I can remember the day in middle school I was taught that amino acids were "the building blocks of life." I was fascinated by the idea that our complex form, and the form of other living organisms, was like a tiny Lego set, constructed to make us who we were. Even then, in the early 1980s, researchers had already been trying for almost a decade to figure out how those amino acids told proteins what shape to take. Ever since, with evermore powerful computers and complex algorithms, researchers have applied machine learning techniques to answer the same biological question.
Google's (GOOG 1.46%) (GOOGL 1.50%) DeepMind has just provided an answer, and it is blowing the minds of researchers. For nearly 50 years, scientists have questioned how proteins know what shape to fold themselves into, and do it repeatedly time after time. In a modeling competition, DeepMind researchers just broke the code, creating a model that translates the amino acid chains into three-dimensional protein structures. To figure out how this could impact medicine (and investing) it's important to understand what this new knowledge will allow scientists to do. Further, what are the downstream effects? Which areas of biological research may be most affected? And which companies stand to gain -- or lose -- the most?
The competition
Tens of thousands of proteins exist in humans, and there are billions in other species, viruses, and bacteria. The way these proteins fold directly determines what they do. In fact, in molecular biology there is a saying that "structure is function." The folded shape is the key to the role that proteins perform -- like antibodies that fight infections or insulin to regulate blood sugar. That is why since 1994, the Critical Assessment of Protein Structure Prediction (CASP) has been held. It is an event challenging teams to advance the accuracy of predictions in the field of protein structure.
AlphaFold, DeepMind's winning model, was trained on public data of 170,000 protein structures. The program required 128 high-end cloud computing cores running for several weeks to create the algorithm. In the end, two-thirds of the model's accuracy scores represent errors in the design of less than a single atom's width. DeepMind was head and shoulders above other participants in the event, which consisted mostly of academic teams, but included entries from Microsoft (MSFT 1.78%) and Chinese internet giant Tencent (TCEHY -0.10%).
Why it's important
Most drugs being prescribed today were either discovered by chance or time-intensive trial-and-error experiments. Understanding how amino acids direct proteins to twist and fold, taking their three-dimensional shape, will create a better understanding of why each protein becomes what it does and how those signals are transmitted across cell membranes. This could allow scientists to better design drugs that will be utilized by cells in a desired way, understand disease causing mis-folds, and allow drug makers to identify the cause of genetic variations that lead to disease.
In one example during the event, the AlphaFold model provided the structure of a bacterial protein in only 30 minutes. The Max Planck Institute in Germany had been working on that very problem for more than a decade. Next, the team could begin tackling the thousands of unsolved proteins in the human genome and the hundreds of millions of proteins in nature that have not been modeled. This begs the question of when we can all get drugs designed for our own specific biology.
What to look out for
For now, applications to drug discovery will have to wait. It's unclear when or how DeepMind will share its model, and while impressive, it had limitations. For instance, the model struggled to predict protein complexes, or groups, where interactions between proteins can distort shapes. As more proteins are involved, the potential possibility of interactions to model becomes nearly impossible. This mathematical constraint -- known as combinatorial explosion -- is common in advanced modeling but could eventually be overcome with more computing power. It will be important to address this, as protein-protein interactions are one of the key mechanisms being targeted to discover new drugs.

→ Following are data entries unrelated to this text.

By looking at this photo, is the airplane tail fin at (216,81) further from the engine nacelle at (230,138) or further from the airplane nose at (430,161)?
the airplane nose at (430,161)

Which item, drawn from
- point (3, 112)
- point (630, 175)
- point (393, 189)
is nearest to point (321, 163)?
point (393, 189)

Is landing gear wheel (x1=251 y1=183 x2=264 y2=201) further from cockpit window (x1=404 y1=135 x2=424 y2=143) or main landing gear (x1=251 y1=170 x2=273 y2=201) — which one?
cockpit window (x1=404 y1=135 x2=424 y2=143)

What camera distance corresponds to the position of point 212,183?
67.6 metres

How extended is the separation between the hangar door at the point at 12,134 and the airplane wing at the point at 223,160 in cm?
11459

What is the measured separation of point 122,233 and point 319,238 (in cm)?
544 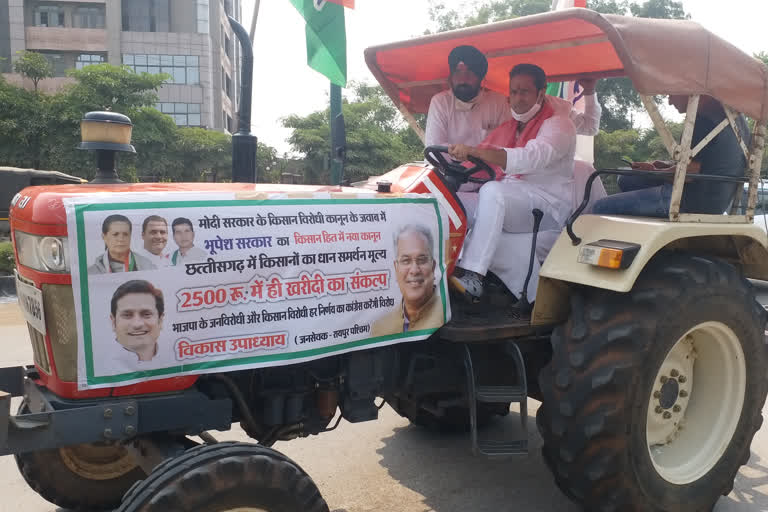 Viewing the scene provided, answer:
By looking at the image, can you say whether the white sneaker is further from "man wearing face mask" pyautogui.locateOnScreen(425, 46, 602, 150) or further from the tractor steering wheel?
"man wearing face mask" pyautogui.locateOnScreen(425, 46, 602, 150)

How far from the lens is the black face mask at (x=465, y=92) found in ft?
14.1

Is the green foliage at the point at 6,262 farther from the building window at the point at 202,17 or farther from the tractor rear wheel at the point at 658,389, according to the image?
the building window at the point at 202,17

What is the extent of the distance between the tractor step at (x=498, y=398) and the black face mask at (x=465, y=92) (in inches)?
69.5

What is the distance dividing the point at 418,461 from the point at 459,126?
7.37ft

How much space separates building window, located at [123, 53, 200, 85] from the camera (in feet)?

Despite the caveats, the discovery promises to add fuel to the fire of scientific research into how the human body operates. Better understanding the translation of amino acids to proteins validates the potential impact of gene editing and companies like CRISPR Therapeutics (CRSP 7.78%), Intellia Therapeutics (NTLA 0.70%), and Editas Medicine (EDIT -2.23%). Further, solving this problem should ultimately lead to less trial-and-error in the lab and make genome sequencing even more important, benefiting Illumina (ILMN 0.69%), Thermo Fisher Scientific (TMO 0.06%), and Agilent (A 1.17%). After all, DNA carries information for making proteins.
The benefits of DeepMind's discovery will stay largely behind the research curtain, appearing to most of us just as other medical breakthroughs have -- in the form of new or better medicines to treat diseases. But make no mistake about the importance. One CASP judge, a computational biologist at Columbia University, called it one of the most significant breakthroughs of his lifetime. Even the co-founder of CASP added, "I never thought I'd see this in my lifetime." I expect this is the first salvo in a new battle against human disease. Armed with a better understanding of the building blocks of life and once unthinkable computing power, we may soon look back on our current drug discovery process as we now look at treating infections before penicillin was available, or monitoring pregnancy before ultrasounds -- both advancements made in the 1950s. Seventy years from now, people may marvel at the effort drug discovery took and wonder how we were ever able to develop drugs with such a haphazard process.